Found this solution in the wild and tested:

awk '!x[$0]++'

The first time a specific value of a line ($0) is seen, the value of x[$0] is zero.
The value of zero is inverted with ! and becomes one.
An statement that evaluates to one causes the default action, which is print.

Therefore, the first time an specific $0 is seen, it is printed.

Every next time (the repeats) the value of x[$0] has been incrented,
its negated value is zero, and a statement that evaluates to zero doesn't print.

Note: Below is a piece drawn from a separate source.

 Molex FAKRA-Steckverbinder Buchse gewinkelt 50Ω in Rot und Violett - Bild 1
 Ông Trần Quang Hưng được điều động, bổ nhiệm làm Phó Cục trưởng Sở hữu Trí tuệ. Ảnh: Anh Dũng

To keep the last repeated value, reverse the history and use the same awk:

awk '!x[$0]++' ~/.bash_history                 # keep the first value repeated.

tac ~/.bash_history | awk '!x[$0]++' | tac     # keep the last.

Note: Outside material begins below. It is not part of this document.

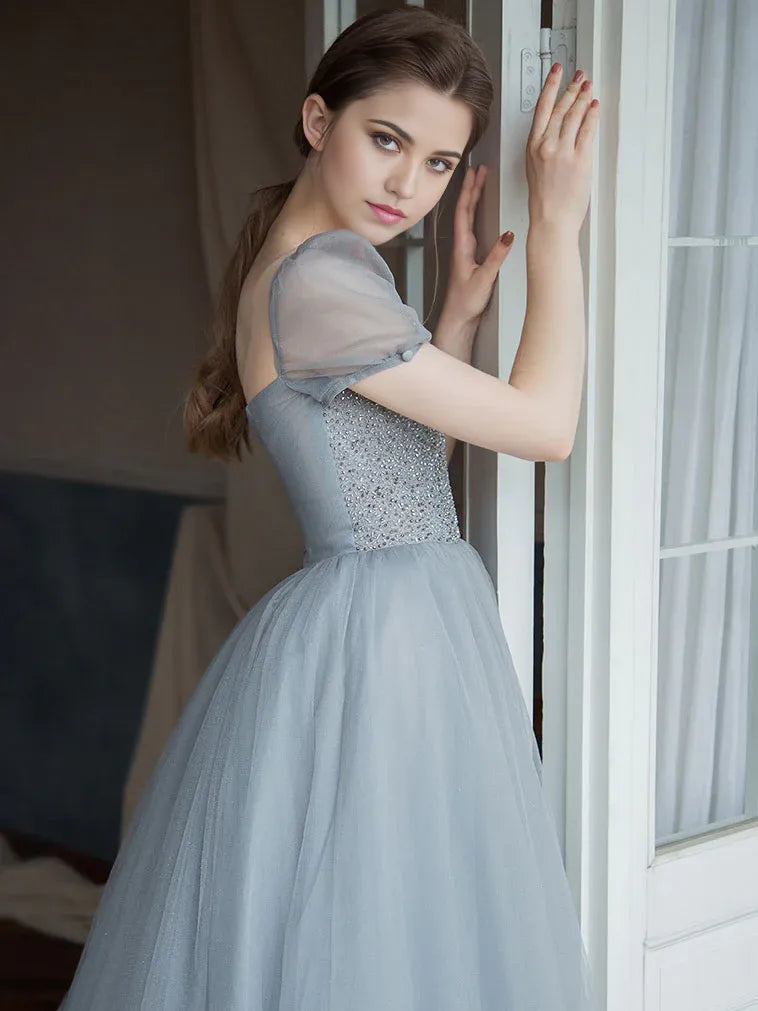 Ball Gown Quinceanera Dresses Princess Dress V Neck Tulle Long Prom Gown Sweet 16 Dress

edited Oct 09 '16 at 14:49

answered Jun 10 '13 at 06:57

Clayton Stanley

532

Wow! That just worked. But it removes all but the first occurrence I guess. I'd reversed the ordering of the lines using Sublime Text before running this. Now I'll reverse it again to get a clean history with only the last occurrence of all duplicates left behind. Thank you. – trss Aug 27 '14 at 20:05
Check out my answer! – Ali Shakiba Jan 19 '15 at 10:26
Nice clean and general answer (not restricted to the history use-case) without launching a bazilion sub-processes ;-) – JepZ Nov 14 '18 at 00:08
2

Wouldn't this sort of break if .bash_history entries are on two lines - timestamp followed by the command itself? – laur Sep 16 '20 at 22:18
This answer is sublime in the appropriate wielding of awk, at which I'm awestruck. However, as @laur notes, it doesn't work for history files with timestamps in. Enabling timestamps is important because these form the delimiters in the history file that enables readline to retrieve multi-line commands. – Jonathan Hartley Oct 22 '21 at 15:23
For extra credit, add sed 's/\s*$//' *before* the awkto remove trailing whitespace in all lines, leading to a better input list for duplicate detection. – Samveen Nov 27 '22 at 03:54
@JonathanHartley check my provided script using this and other stuff in this thread dealing with timestamps. There is an issue with the awk script though and multiline commands. Nothing is perfect so far. – Marlon Jan 13 '23 at 15:07

score 21 · Answer 4 · answered Jan 19 '15 at 10:23

21

Extending Clayton answer:

tac $HISTFILE | awk '!x[$0]++' | tac | sponge $HISTFILE

tac reverse the file, make sure you have installed moreutils so you have sponge available, otherwise use a temp file.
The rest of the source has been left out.